▶ [EXERCISE REQUIREMENTS] Transcribe each record below character for character.

[[ DATASET EXCERPTS, beginning ]]

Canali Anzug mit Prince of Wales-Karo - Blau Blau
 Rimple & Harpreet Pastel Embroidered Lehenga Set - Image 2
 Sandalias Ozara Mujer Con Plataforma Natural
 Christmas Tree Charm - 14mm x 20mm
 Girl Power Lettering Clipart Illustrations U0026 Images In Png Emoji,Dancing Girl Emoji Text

[[ DATASET EXCERPTS, end ]]

▶ [OUTPUT OF THE TASK]
Canali Anzug mit Prince of Wales-Karo - Blau Blau
 Rimple & Harpreet Pastel Embroidered Lehenga Set - Image 2
 Sandalias Ozara Mujer Con Plataforma Natural
 Christmas Tree Charm - 14mm x 20mm
 Girl Power Lettering Clipart Illustrations U0026 Images In Png Emoji,Dancing Girl Emoji Text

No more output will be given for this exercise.